Required work:
Word for word, transcribe the data below from the line with "Тактичні черевики Хижак" to the line with "MEENAKARI Small Checks Studs", keeping both of those lines.

(Caption-style text data)
_ _ _ _ _
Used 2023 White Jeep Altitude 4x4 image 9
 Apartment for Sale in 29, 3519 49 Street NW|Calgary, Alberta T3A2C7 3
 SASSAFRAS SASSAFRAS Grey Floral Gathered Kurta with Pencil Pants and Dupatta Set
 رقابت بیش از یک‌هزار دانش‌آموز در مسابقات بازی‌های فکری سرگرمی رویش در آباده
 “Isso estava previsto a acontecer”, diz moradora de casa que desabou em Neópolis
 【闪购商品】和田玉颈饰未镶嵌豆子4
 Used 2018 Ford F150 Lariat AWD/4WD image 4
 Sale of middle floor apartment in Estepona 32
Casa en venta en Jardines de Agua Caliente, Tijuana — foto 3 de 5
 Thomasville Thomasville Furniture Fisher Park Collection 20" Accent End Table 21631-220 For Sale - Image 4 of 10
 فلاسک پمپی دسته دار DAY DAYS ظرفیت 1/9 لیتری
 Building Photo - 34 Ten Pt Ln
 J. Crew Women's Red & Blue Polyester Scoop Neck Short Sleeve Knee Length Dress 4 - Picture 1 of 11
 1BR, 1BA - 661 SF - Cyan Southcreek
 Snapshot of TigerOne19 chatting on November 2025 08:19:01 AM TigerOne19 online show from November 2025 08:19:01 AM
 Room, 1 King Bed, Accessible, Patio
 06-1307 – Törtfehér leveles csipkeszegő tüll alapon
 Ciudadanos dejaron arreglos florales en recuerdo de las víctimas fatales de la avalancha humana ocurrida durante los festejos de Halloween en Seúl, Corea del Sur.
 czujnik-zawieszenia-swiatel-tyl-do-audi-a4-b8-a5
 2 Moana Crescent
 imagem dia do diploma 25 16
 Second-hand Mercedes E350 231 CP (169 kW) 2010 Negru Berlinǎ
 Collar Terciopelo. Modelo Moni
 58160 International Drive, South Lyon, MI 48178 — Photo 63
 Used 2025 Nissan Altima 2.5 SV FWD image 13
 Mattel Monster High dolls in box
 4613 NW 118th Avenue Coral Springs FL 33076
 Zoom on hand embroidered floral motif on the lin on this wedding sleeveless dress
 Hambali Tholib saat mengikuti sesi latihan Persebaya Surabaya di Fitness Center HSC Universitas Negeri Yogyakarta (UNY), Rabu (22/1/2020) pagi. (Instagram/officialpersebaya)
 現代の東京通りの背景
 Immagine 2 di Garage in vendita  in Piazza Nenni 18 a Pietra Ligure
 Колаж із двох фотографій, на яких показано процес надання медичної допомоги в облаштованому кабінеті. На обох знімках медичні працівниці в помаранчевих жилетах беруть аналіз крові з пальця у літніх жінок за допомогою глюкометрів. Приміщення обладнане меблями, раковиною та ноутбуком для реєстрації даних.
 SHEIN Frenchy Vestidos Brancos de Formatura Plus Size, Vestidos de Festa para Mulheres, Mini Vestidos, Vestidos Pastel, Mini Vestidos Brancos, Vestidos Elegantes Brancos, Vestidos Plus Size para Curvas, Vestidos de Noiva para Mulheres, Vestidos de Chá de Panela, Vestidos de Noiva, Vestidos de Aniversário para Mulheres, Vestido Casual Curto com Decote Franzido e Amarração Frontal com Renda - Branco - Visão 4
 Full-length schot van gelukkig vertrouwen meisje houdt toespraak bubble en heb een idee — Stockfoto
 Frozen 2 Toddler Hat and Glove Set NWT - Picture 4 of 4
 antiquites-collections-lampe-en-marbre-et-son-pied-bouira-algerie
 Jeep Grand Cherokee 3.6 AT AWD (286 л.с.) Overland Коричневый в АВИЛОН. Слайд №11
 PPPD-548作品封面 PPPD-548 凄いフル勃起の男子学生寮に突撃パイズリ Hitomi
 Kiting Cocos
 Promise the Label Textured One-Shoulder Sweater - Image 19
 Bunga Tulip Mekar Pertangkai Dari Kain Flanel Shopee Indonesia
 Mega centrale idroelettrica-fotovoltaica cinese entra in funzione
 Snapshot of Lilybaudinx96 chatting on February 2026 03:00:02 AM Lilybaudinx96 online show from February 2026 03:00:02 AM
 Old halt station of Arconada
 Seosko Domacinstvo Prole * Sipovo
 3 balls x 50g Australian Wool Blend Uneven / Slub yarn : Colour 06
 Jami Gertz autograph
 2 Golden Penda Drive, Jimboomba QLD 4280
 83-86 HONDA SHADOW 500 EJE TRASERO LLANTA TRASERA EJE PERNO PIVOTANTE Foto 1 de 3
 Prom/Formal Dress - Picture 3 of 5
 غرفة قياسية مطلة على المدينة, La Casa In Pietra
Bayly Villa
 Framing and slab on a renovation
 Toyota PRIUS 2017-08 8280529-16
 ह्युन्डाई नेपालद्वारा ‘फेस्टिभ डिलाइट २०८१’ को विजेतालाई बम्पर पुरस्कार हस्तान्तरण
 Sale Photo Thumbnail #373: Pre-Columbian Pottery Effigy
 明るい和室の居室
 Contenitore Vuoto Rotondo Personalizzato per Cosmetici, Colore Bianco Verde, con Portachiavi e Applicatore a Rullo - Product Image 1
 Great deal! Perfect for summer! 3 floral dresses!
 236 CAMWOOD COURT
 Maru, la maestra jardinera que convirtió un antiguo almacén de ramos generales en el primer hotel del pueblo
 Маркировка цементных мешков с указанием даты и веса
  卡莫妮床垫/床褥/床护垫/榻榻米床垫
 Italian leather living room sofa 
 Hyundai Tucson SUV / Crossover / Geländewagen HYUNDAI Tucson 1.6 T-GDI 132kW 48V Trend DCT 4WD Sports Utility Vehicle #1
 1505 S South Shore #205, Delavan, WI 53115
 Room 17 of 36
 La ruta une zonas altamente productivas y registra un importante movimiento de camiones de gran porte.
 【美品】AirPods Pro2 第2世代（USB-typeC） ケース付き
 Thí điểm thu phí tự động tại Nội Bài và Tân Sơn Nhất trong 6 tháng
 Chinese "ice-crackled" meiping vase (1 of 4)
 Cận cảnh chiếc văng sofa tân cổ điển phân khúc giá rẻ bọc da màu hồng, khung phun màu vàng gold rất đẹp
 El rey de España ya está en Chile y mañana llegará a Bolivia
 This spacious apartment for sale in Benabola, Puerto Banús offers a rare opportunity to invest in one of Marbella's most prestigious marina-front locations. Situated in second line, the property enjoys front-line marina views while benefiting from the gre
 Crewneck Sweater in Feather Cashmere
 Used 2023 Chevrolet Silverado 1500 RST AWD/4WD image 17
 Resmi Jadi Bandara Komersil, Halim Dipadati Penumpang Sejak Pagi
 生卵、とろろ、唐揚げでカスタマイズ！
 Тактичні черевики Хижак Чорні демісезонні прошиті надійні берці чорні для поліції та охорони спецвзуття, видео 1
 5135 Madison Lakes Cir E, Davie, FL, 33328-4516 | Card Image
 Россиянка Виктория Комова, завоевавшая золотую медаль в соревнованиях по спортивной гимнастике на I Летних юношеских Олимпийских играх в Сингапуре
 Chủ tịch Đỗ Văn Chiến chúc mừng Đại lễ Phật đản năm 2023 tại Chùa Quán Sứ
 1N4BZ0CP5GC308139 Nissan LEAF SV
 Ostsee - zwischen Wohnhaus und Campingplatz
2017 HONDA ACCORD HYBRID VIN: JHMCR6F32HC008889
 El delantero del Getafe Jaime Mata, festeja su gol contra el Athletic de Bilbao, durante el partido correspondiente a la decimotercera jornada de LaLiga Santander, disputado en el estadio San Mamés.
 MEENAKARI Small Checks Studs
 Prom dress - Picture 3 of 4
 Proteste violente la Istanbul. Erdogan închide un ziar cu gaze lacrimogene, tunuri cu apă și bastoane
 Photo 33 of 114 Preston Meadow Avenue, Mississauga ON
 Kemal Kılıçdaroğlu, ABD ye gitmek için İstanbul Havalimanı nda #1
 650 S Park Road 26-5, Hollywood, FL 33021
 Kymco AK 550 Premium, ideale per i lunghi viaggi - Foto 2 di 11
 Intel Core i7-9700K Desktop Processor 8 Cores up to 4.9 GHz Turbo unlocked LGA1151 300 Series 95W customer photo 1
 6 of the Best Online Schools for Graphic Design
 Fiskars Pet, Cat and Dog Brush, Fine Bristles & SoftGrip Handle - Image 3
_ _ _ _ _
Expected answer:
 Тактичні черевики Хижак Чорні демісезонні прошиті надійні берці чорні для поліції та охорони спецвзуття, видео 1
 5135 Madison Lakes Cir E, Davie, FL, 33328-4516 | Card Image
 Россиянка Виктория Комова, завоевавшая золотую медаль в соревнованиях по спортивной гимнастике на I Летних юношеских Олимпийских играх в Сингапуре
 Chủ tịch Đỗ Văn Chiến chúc mừng Đại lễ Phật đản năm 2023 tại Chùa Quán Sứ
 1N4BZ0CP5GC308139 Nissan LEAF SV
 Ostsee - zwischen Wohnhaus und Campingplatz
2017 HONDA ACCORD HYBRID VIN: JHMCR6F32HC008889
 El delantero del Getafe Jaime Mata, festeja su gol contra el Athletic de Bilbao, durante el partido correspondiente a la decimotercera jornada de LaLiga Santander, disputado en el estadio San Mamés.
 MEENAKARI Small Checks Studs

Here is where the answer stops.